American actress (1916–1937)

Helen Margarite Burgess (April 26, 1916 – April 7, 1937) was an American film and stage actress. Discovered by Cecil B. DeMille, she began her acting career in 1936 at age nineteen, playing Louisa Cody in DeMille's Western biopic The Plainsman. She would appear in four films as a contract player for Paramount Pictures before dying at age twenty from pneumonia.

==Life and career==
===Early life===
Helen Margarite Burgess was born in Portland, Oregon in 1916, the daughter of Frank T. and Estella "Fanny" L. (née Hayden) Burgess. Her father worked as a district agent for the Metropolitan Life Insurance Company of New York.
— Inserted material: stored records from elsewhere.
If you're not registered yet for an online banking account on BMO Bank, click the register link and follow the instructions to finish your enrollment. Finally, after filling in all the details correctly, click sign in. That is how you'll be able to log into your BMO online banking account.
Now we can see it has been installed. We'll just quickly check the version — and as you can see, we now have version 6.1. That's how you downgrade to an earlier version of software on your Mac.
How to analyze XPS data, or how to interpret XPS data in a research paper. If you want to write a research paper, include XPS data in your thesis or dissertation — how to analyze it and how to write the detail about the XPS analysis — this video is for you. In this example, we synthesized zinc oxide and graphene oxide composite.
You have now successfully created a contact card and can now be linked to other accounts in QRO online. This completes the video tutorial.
She had one younger sister, Mary. Burgess was raised primarily in Tacoma, Washington after her father's job was transferred from Portland to Seattle.

She attended the Annie Wright School in Tacoma, and was described as a shy child. In 1926, the family relocated again to Los Angeles, California, where Burgess attended Los Angeles High School and later University High School. She also attended Clark's Los Angeles Dramatic School with aspirations to become a stage actress.

===Film career===
While starring in a play in Los Angeles, titled The Seventh Year, Burgess was approached by Jack Murton, a talent scout for Paramount Pictures. While visiting the studio, she was approached by Cecil B. DeMille, who at the time was looking to cast a supporting part in The Plainsman (1936). Burgess auditioned for the part of Louisa Cody, opposite James Ellison, and was cast by DeMille. DeMille was quoted on his casting of Burgess: "I broke a rule of 25 years' standing when I chose Miss Burgess for the part of Louisa Cody. It was the first time that I have cast a player without previous screen experience in an important role. But, as soon as I saw Miss Burgess, I realized that she had the making of a strong and appealing screen personality."
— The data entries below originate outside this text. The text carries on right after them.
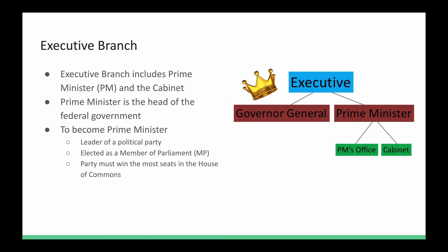The executive branch is your Prime Minister and the Prime Minister's cabinet. The Prime Minister is the head of the federal government. To become Prime Minister, you must first be a leader of a political party, be elected by your constituents in your riding as a Member of Parliament, and then your party must win the most seats in the election.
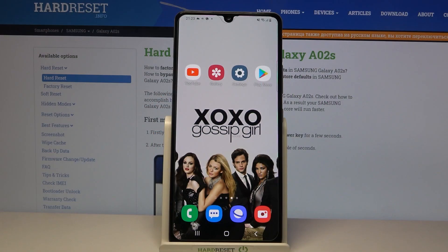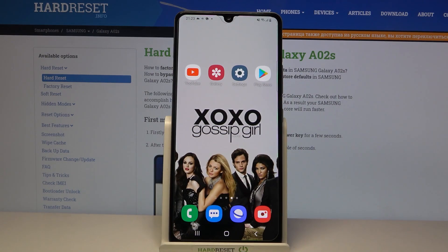Hi, in front of me is the Samsung Galaxy A02s, and today I would like to show you how you can download and apply an LED keyboard on this device.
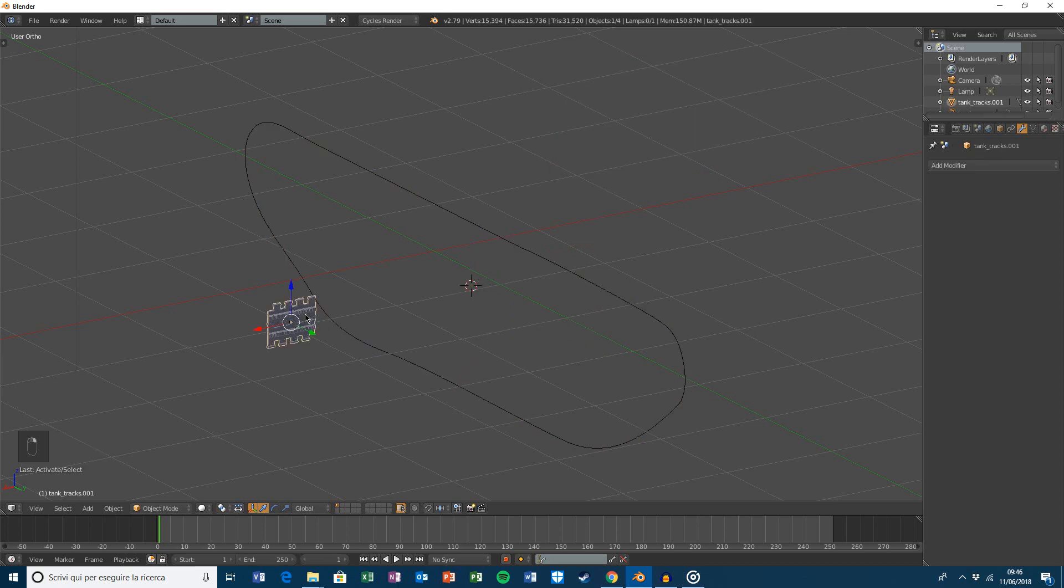Select again the mesh and press Shift-S, selection to cursor.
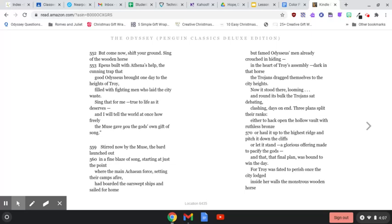Sing that for me, true to life as it deserves, and I will tell the world at once how freely the muse gave you the God's own gift of song.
On January 3, 1937, journalist Eleanor Packer wrote an article on Burgess in a syndicated Los Angeles newspaper, noting: The surprising thing about Helen’s sudden leap from obscurity into fame is the fact that she has no trace of the startling, dramatic beauty which the world associates with Hollywood actresses. She is almost what is called ‘plain,’ or ‘homely.’ She would pass unnoticed in a crowd of most typical Hollywood girls. Why then did DeMille pick her out? She has something greater than mere beauty. Something more important to the screen than a standardized prettiness. She possesses what cameramen call a ‘photogenic face,’ one capable of revealing ‘inner emotions’ to the eye of the camera.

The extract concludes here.